Three projectiles struck the heart of Tel Aviv’s financial district on Tuesday morning, in what Israeli officials described as one of the most significant Hezbollah attacks since the collapse of the April ceasefire agreement. Two of the incoming rockets were intercepted by Iron Dome air defence batteries over the city centre. The third broke through the lid of the Azrael underground parking complex in the Azrael Tower complex, detonating with explosive force in the subterranean level.
Five people were killed in the Azrael blast and 32 were wounded, eight of them in critical condition, according to the Magen David Adom emergency service. A further two people died when a bus bomb detonated on Begin Boulevard in what investigators believe was a second, coordinated attack. Hezbollah claimed responsibility for both strikes within minutes of the strikes landing.
The Azrael Tower complex houses a mix of financial services firms, legal offices, and a shopping arcade that was busy at the time of the strike. Fire crews worked for more than two hours to contain a fire that spread from the parking levels to part of the ground floor. Structural engineers were called in to assess whether the tower’s foundations had been compromised.
Sirens blared across the Gush Dan metropolitan area — Tel Aviv’s densely populated central corridor — for approximately 25 minutes asIron Dome batteries engaged secondary incoming barrages near the city’s northern suburbs. Israel’s national airline EL AL grounded all flights in and out of Ben Gurion International Airport for six hours following the strikes, disrupting the travel plans of thousands. The airport resumed operations at 14:40 local time.
Ninety minutes after the Tel Aviv strikes landed, the Israel Defense Forces confirmed an air strike on Baalbek in eastern Lebanon, a known Hezbollah stronghold. The IDF said the target was a weapons storage facility. No casualties were reported from the Baalbek strike as of publication. The Lebanese Ministry of Health said hospitals in the Bekaa Valley were already at capacity following days of intensified cross-border exchanges.
In Gaza, hospitals were overwhelmed as mass casualty reports from adjacent IDF operations filtered in.
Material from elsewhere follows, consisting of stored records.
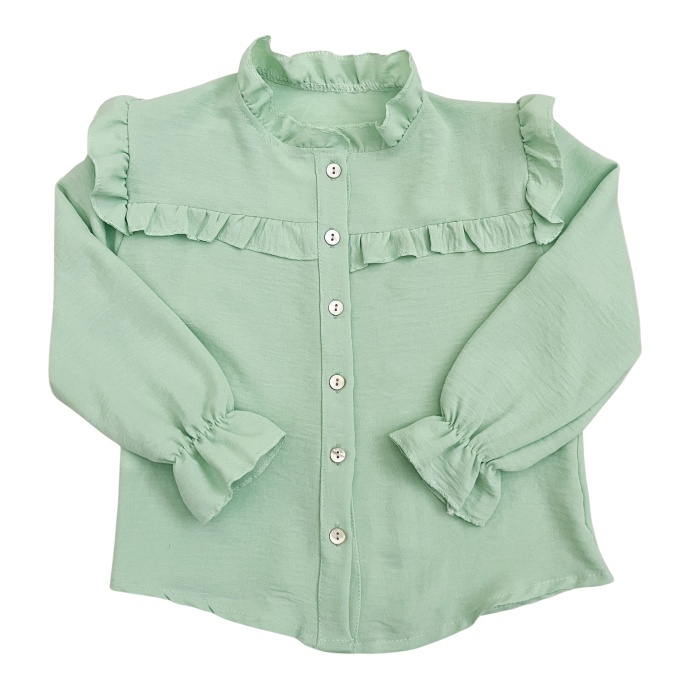 ruffle blouse mint meisjes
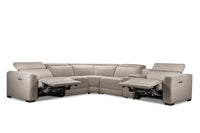  Sofa sectionnel à inclinaison électrique Adelaide 6 pièces - gris 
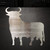 Bull 4 Steel Cutout Shape, Raw Metal Wall Art and Craft Supply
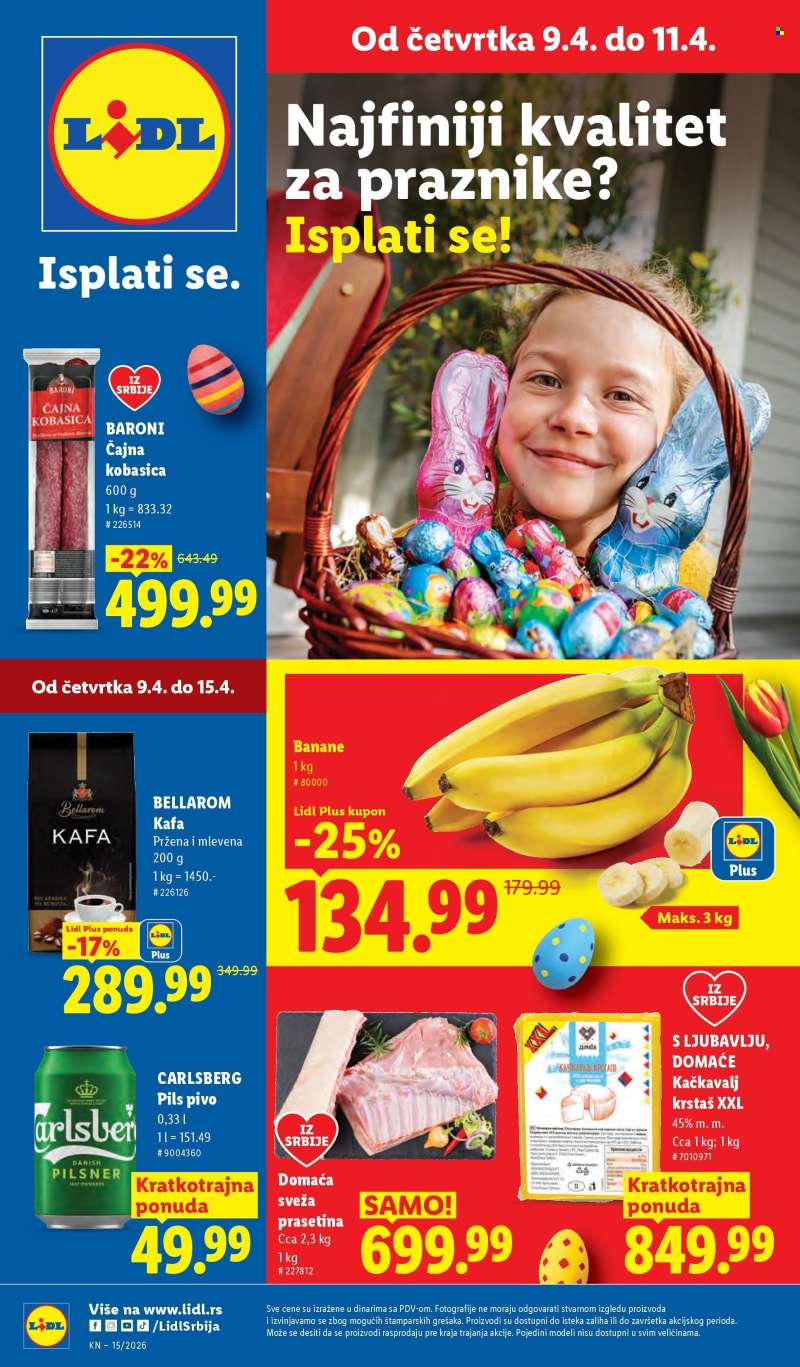Lidl katalog - 09.04.2026 - 15.04.2026.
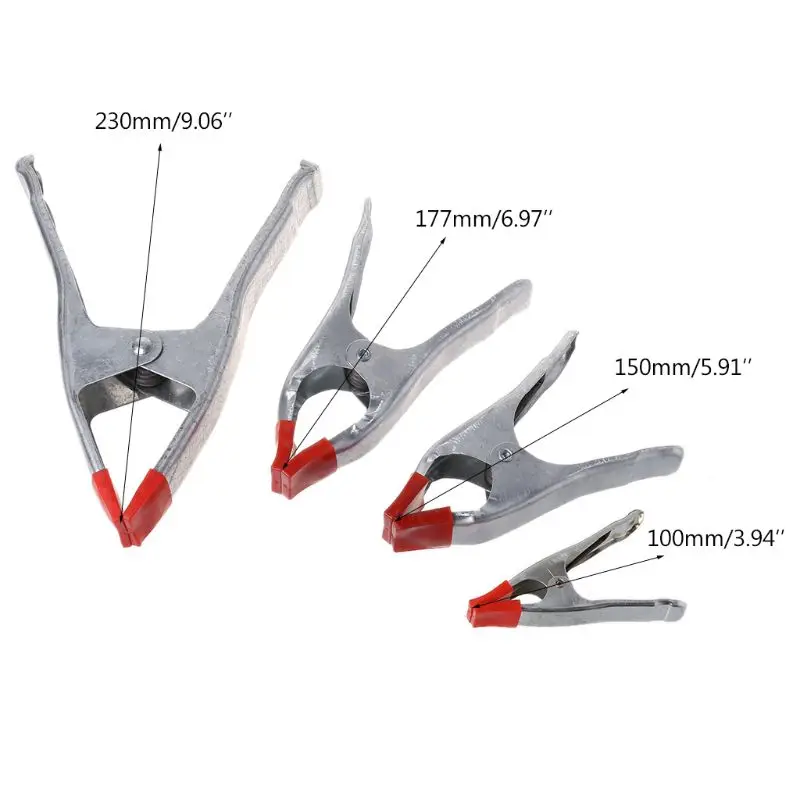 4"6"7"9 Inch Metal Spring Clamp Type A Grip Clip For Woodworking DIY Craft Repair Hand Tool
4"6"7"9 Inch Metal Spring Clamp Type A Grip Clip For Woodworking DIY Craft Repair Hand Tool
The World Health Organisation issued a statement saying three of the territory’s largest medical facilities had received more than 200 wounded in a 24-hour window, calling the situation “catastrophic.”
The UN Security Council held an emergency session late Tuesday afternoon New York time. Secretary-General António Guterres urged all parties to return to ceasefire terms agreed in April, warning that the region was “one miscalculation away from a full-scale war.” Qatar and Oman opened emergency diplomatic channels with both Washington and Tehran in an attempt to de-escalate. The US State Department said it was “monitoring events closely” but declined to say whether the strikes had altered the $8 billion arms transfer package approved last week.
The USS Truman aircraft carrier and its strike group repositioned eastward from the Mediterranean into the Arabian Sea overnight, a move Defence analysts interpreted as a show of force signalling to Tehran. Iran’s Revolutionary Guard Corps was placed on a “full war footing” state of readiness, according to a statement from IRGC headquarters in Tehran — language used before previous confrontations.
Tel Aviv’s financial markets halted trading for 35 minutes following the Azrael strike before recovering. The shekel stabilised against the dollar by midday.
Hezbollah’s media office issued a statement saying Tuesday’s attacks were “a reply to the Zionist enemy assassinations in the Bekaa and our continued right to defend Lebanon.” Israeli Prime Minister Benjamin Netanyahu convened an emergency security cabinet meeting that lasted four hours. No decision on a ground operation was announced by press time, though two cabinet ministers told Israeli media a ground incursion into southern Lebanon remained “on the table.”